Yea its quite a bit different don. Around here its tons of bean and corn fields but with groves of trees around dispersed. Little small groves of say 8-9 trees to acre+ sized ones. And I almost had it I knew it wwas something about no/little movement. Lol all in good fun.


----------



## youngdon (Mar 10, 2010)

Sorry I got an urgent call ... setups...I don't do scent control unless you consider not wearing cologne or anything else smelly as such. You have to have the wind advantage first of all and a view of the surrounding terrain, Take a minute or two to look around and get settled, keep in mind that as you are settling down a coyote may be looking at you... so keep it to a minimum.Get your gun up, I highly advise using sticks or a bi-pod. A rabbit distress is my normal go to call, I like it raspy but not over done. And not to loud at first especially. call for a bit I normally only call for about thirty secs on the first go round in case there is something close. Wait a few minutes ...always scanning the terrain. Call again for a bit and watch. If i use my e caller I sometime depending on terrain let it run for a few minutes not very often and the same rule of volume applies start soft.
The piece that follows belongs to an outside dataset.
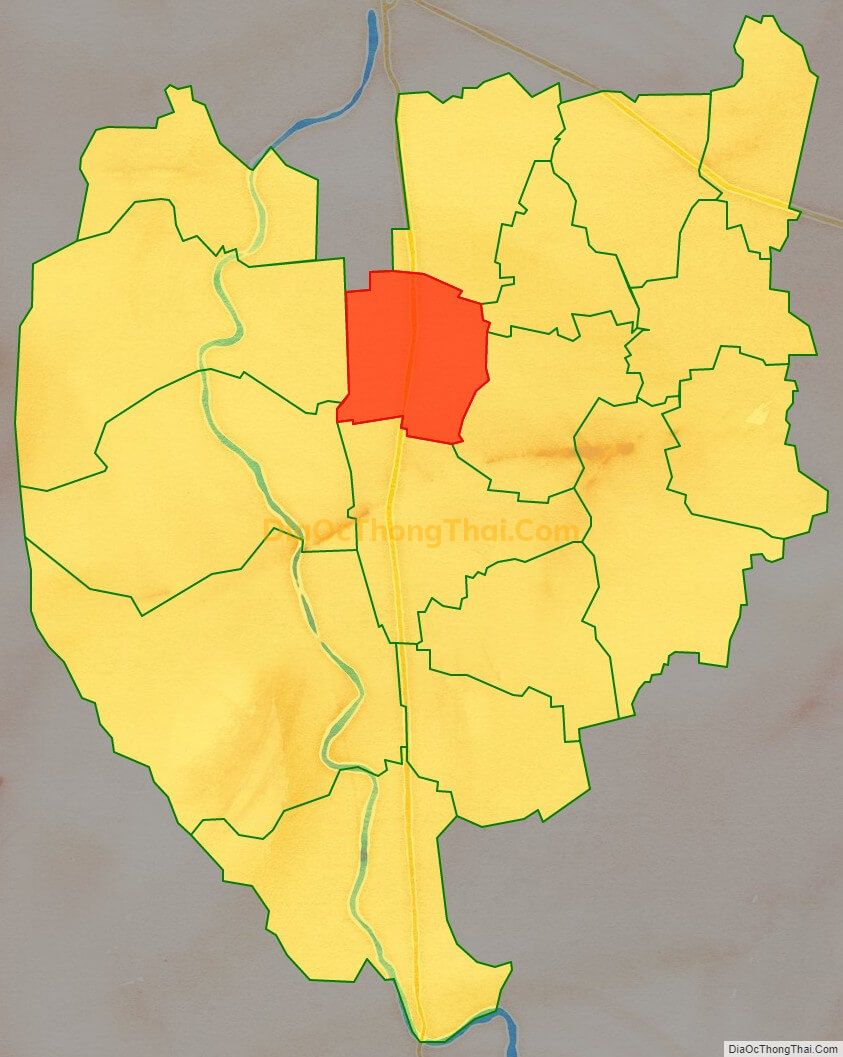 Bản đồ vị trí và địa giới hành chính Xã Thanh Phong, huyện Thanh Liêm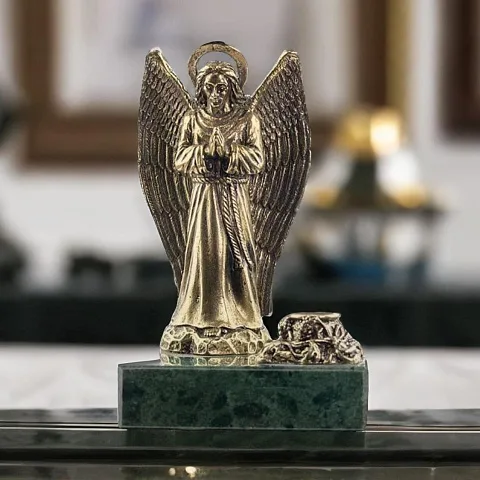 Бронзовая статуэтка «Ангел. Большой» с подсвечником — красивый подарок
I will occasionally bump the volume up for just a sec or two and then back down, sometimes stopping it just then(it sounds like a rabbit squirming around and dying, if nothing appears i will ressurrect him for a bit.


----------



## youngdon (Mar 10, 2010)

Absolutely in good fun BG.


----------



## yotehd (Apr 10, 2011)

Im sure its been said before but il go on anyway, on alot of my sets I let my e call play constantly but i will play crows,magpies,ravens,bluejays,typical birds of the area i feel this brings realism and confidence to the set, it is something that naturally happens something dies birds go on predators come looking, also watch the birds on your sets crows magpies will hover over a coyote on the way in, small birds making a ruckus usually means a cat, while my ecall plays i use my hand calls to do my other sounds.


----------



## lucas_shane (Jan 25, 2011)

Depending on night or day. I prefer night hunting as the movement is more forgiving ! I have found animals are like humans. They want to take the easy road to dinner ! Cleared lanes or fence rows and roads. In the day I find myself hunting more right a ways and creeks and draws and such. I dont really take caution on my scent. Dont over think the set up or you will probally over due it and mess up. Walk or drive in and set down and HUNT ! Give it 15-20 min and make a move. Dont be afraid to try the same place more than once in a hunt. When you move try and move atlease 1/4 mile.
If I can help please dont hesitate to ask !!!


----------



## ReidRH (Feb 1, 2010)

I actually have two electronic calls so I use crows on one and a rabbit sound on the other, I will call first with the Rabbit after a bit I will start with the crows, I may even put out a couple of crow decoys. Around here Crows and birds are usually the first thing to respond to any call of distress. I have talked to several people here that hunt them much like deer hunting out of a tree stand and they call for about 30 seconds or so every 15 to 20 mins and they may sit as long as a couple of hours in one spot. Not only do I look for Coyote sign but I look for sign of Coyote Prey rabbits ect.


----------



## catcapper (Feb 11, 2010)

youngdon gave two good things to remember when pick'in a stand---as we all know from his great wisdom







SIT STILL, and pay attention to the wind.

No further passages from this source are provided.